Write out exactly every line from the one containing "pavan_varma_728's tweet image." through the final line of the material below, both included. Pictures are to be skipped.

Raw data
◇ ◇ ◇
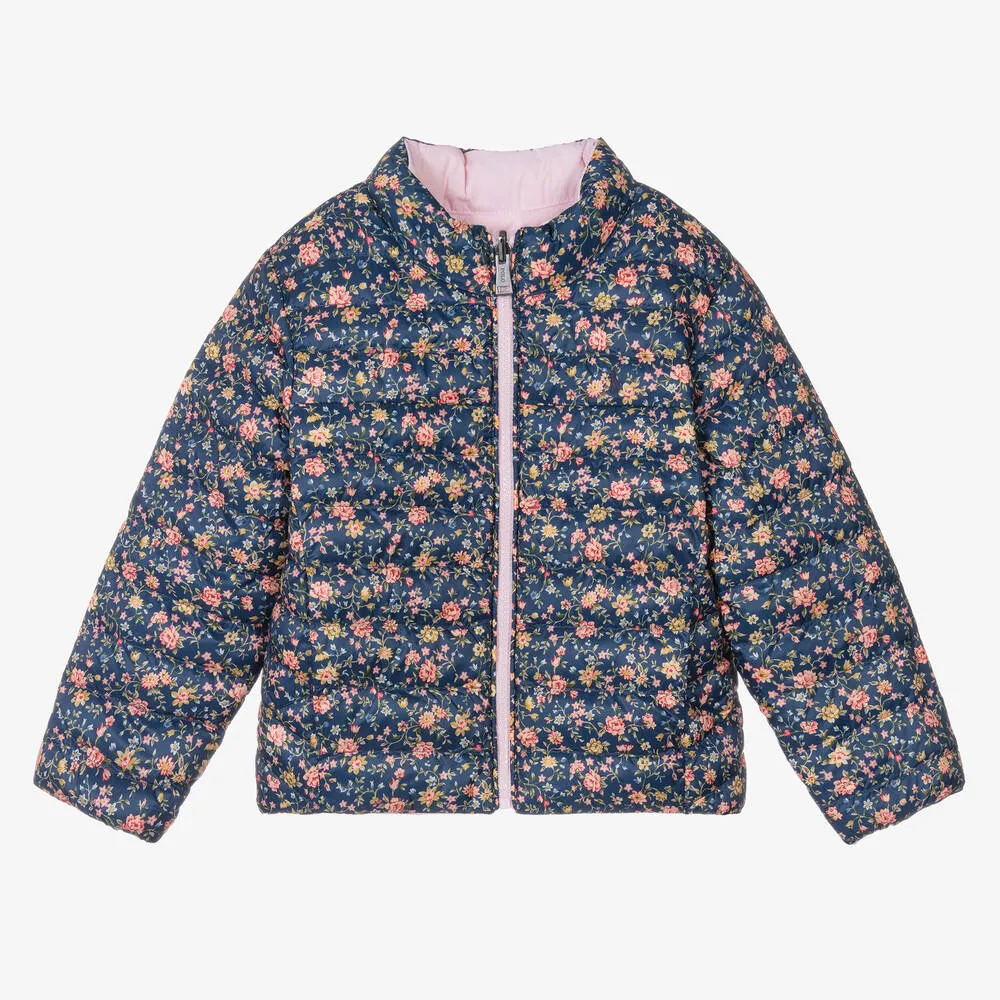 Girls Pink & Blue Floral Reversible Jacket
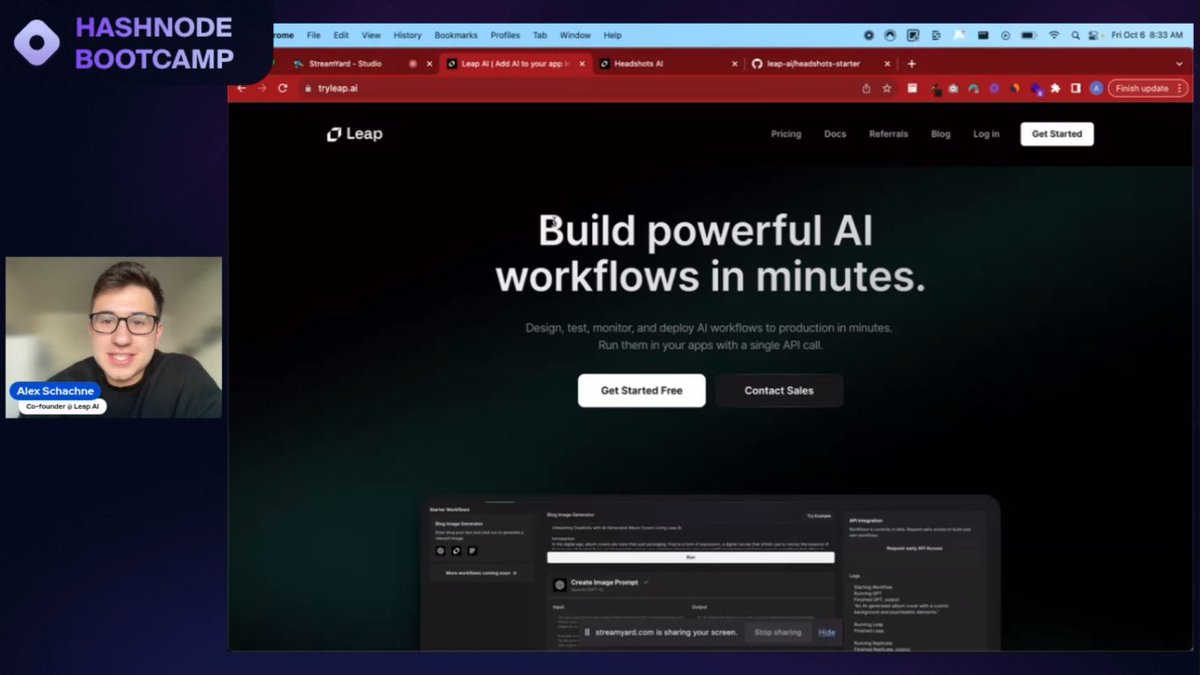 pavan_varma_728's tweet image. Done Day 5 @hashnode bootcamp 
- Growing Your Online Presence: Leveraging Social Media for Personal Branding by @yuricodesbot 
- Building an AI Headshots app with Leap AI by @thealexshaq 
- Selling yourself as a developer by @unclebigbay143 
#hashnodebootcamp #LearninginPublic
◇ ◇ ◇
Result of the exercise
 pavan_varma_728's tweet image. Done Day 5 @hashnode bootcamp 
- Growing Your Online Presence: Leveraging Social Media for Personal Branding by @yuricodesbot 
- Building an AI Headshots app with Leap AI by @thealexshaq 
- Selling yourself as a developer by @unclebigbay143 
#hashnodebootcamp #LearninginPublic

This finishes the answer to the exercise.